Information shown Start Marker

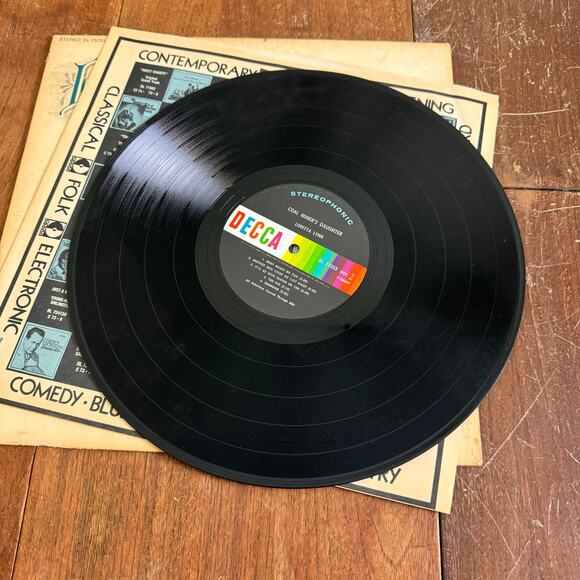 Loretta Lynn Coal Miner's Daughter 1970 Decca Records Vinyl LP Record - Picture 4 of 5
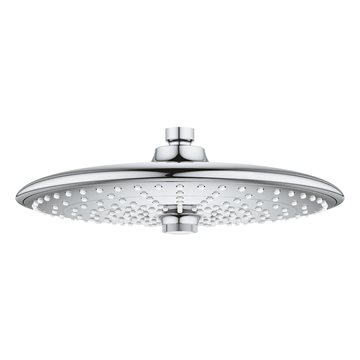Grohe Euphoria Ø260 EcoJoy brusehoved med 3 spray i krom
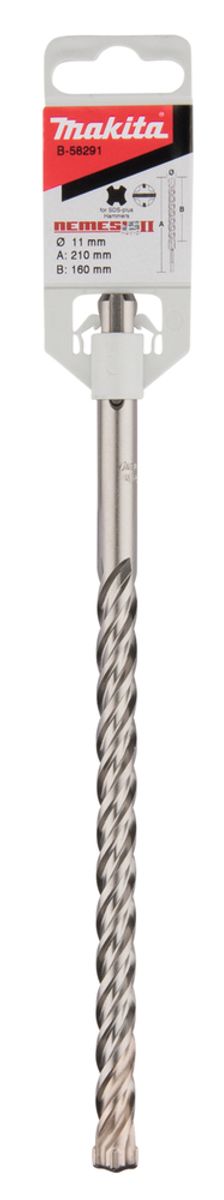 Makita Hammerbor 11x210 mm SDS-Plus B-58291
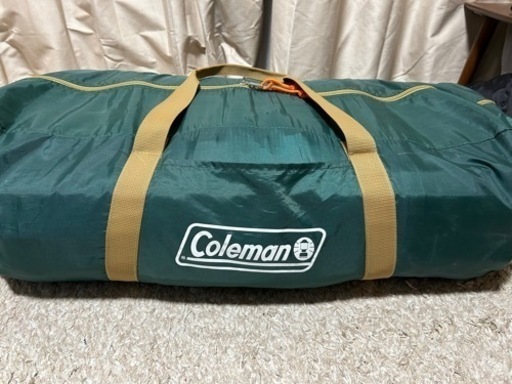 コールマン　ラウンドスクリーン2ルームハウス キャンプ スクリーンテント 2ルームテント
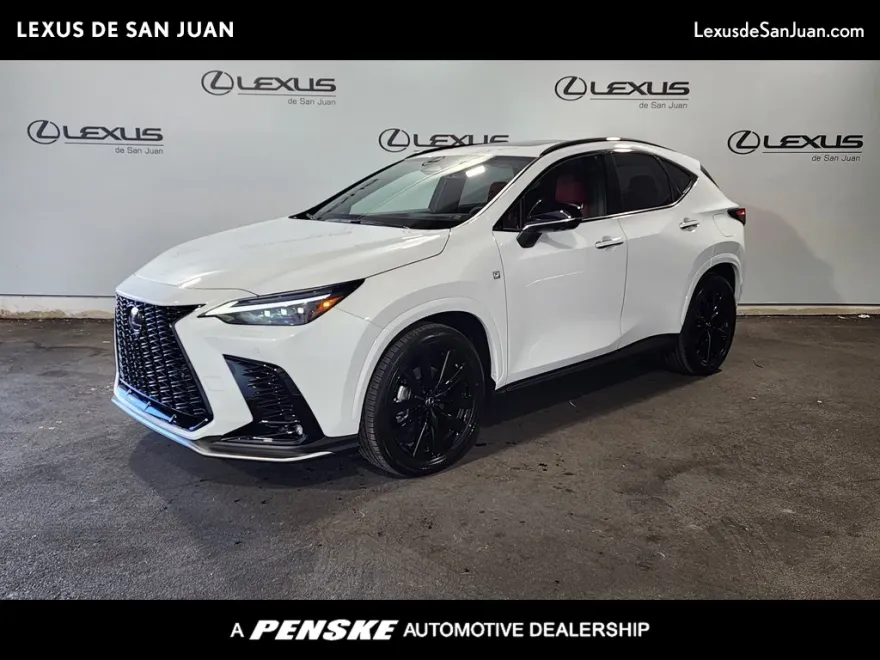 2025 Lexus NX 450h+ F SPORT photo 1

Information shown End Marker

Could you repeat the listing above exactly, omitting its pictures?

▸ **Exercise response**:
 Loretta Lynn Coal Miner's Daughter 1970 Decca Records Vinyl LP Record - Picture 4 of 5
Grohe Euphoria Ø260 EcoJoy brusehoved med 3 spray i krom
 Makita Hammerbor 11x210 mm SDS-Plus B-58291
 コールマン　ラウンドスクリーン2ルームハウス キャンプ スクリーンテント 2ルームテント
 2025 Lexus NX 450h+ F SPORT photo 1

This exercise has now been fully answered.